With their sturdy defensive outlook, rugged high press, attacking directness and proud paucity of celebrity star power, the Union are in many ways Miami’s antithesis. Despite all that, or perhaps because of it, Martino pledged to remain faithful to the ball-dominant, pass-and-move style he’s instilled since taking over at IMCF in late June.
“We’re thinking of a game that is going to be a little bit closed,” said the Argentine boss. “We see Philadelphia normally as a team that, at the beginning, play long balls and prepare to fight for the second ball. When they encounter teams that build from the back, they press. That said, we’re not going to give up from what we want to do. And we will see if their pressing is better than our game, or our game is better than their pressing.”
Curtin readily admitted his side will be second-best in terms of ball possession on Tuesday, and while paying rich tribute to Messi’s excellence, made clear that he sees Busquets’ distribution and tempo-setting as a vital cog in Miami’s abrupt renaissance.
“This is going to sound like the dumbest thing in the world, but everyone is talking about Messi and that’s natural and he’s been incredible. For an athlete to deliver over and over in every big-pressure moment again and again for his team has been amazing to watch,” said Philly’s coach. “But if you don’t take away Busquets and cut away the service – if you look at every goal they’ve scored this year, he either plays the pass that leads directly to the goal or, which is maybe more important, the pass that leads to the pass that leads to the goal.
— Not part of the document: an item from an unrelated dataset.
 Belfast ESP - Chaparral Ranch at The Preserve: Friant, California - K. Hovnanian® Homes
“But I’ve talked all week about if Messi receives the ball, it’s too late, we’re in trouble. We’ve messed up if he receives the ball at his feet. So can we now, in a smart way, try to cut out the weapons that get him the ball on the ground? And it starts with Busquets being that anchor of the team.”
Who’s in, who’s out?
Messi appeared to roll his ankle and show some discomfort during the section of Monday’s training session that was open to members of the media at IMCF’s training ground in Fort Lauderdale. But Martino tamped down the suggestion that it was an injury of note.
“I attended only part of the training session because I had a meeting afterwards and was finishing preparing for that, so I didn’t see exactly what happened,” said the coach. “But I imagine if it was something serious, everyone here would have been scandalized and made a big deal … I think nothing happened.”
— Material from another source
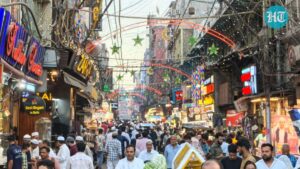 Camera sample. (Ijaj Khan - HT)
The former Atlanta United boss said one of Miami’s other recently-arrived summer signings, attacker Facundo Farías, is in the traveling squad that jetted to Pennsylvania Monday afternoon and should be available for selection. Another U22 Initiative addition, highly-rated center back Tomás Avilés, is not yet ready to do so.
Meanwhile, Curtin revealed good news on that front, with influential playmaker Dániel Gazdag ready to play after a knee injury that proved less serious than feared and veteran leader Alejandro Bedoya fit enough to make Tuesday’s gameday squad as a bench option. The Union’s leader was cagier about key striker Julián Carranza, a former IMCF player, and his hamstring issue.
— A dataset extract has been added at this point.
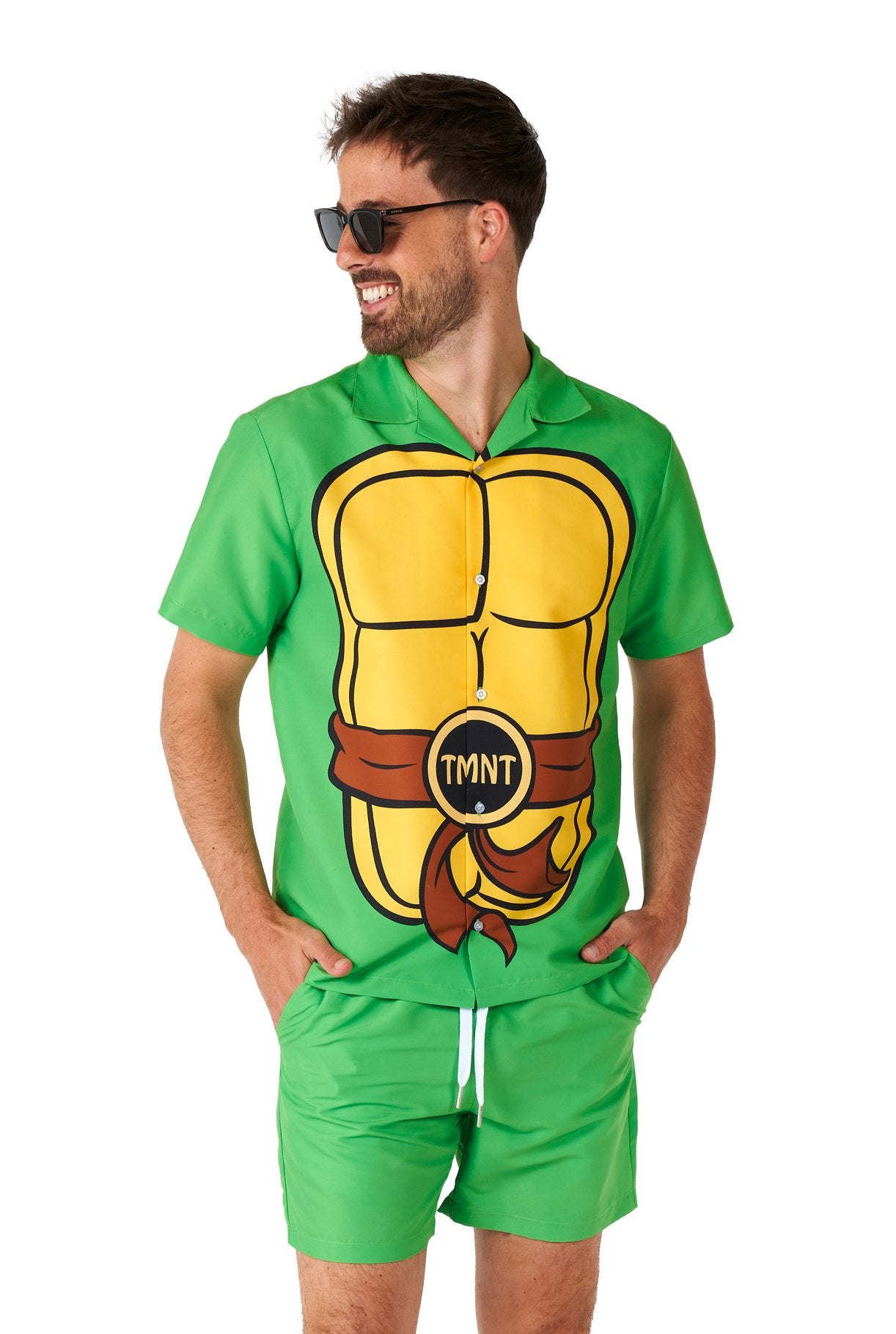 Costume Adult Suitmeister Swim Suit TMNT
“Julian is another one that would do anything to not miss this one – obviously Miami, obviously a fellow countryman on the other team that’s pretty good at soccer,” said Curtin. “He picked up a Grade 1 strain, which is a hamstring strain that, look, news-wise that’s probably the best news we could have got.
“I’ll just say he still pushed on the side of things, and I haven’t heard back yet exactly how that went. But he wants to still participate tomorrow. Probably won’t be from the start, but if he’s around even to take a penalty kick or run around for a little bit of time without the risk of further injury, we’ll see where that stands.”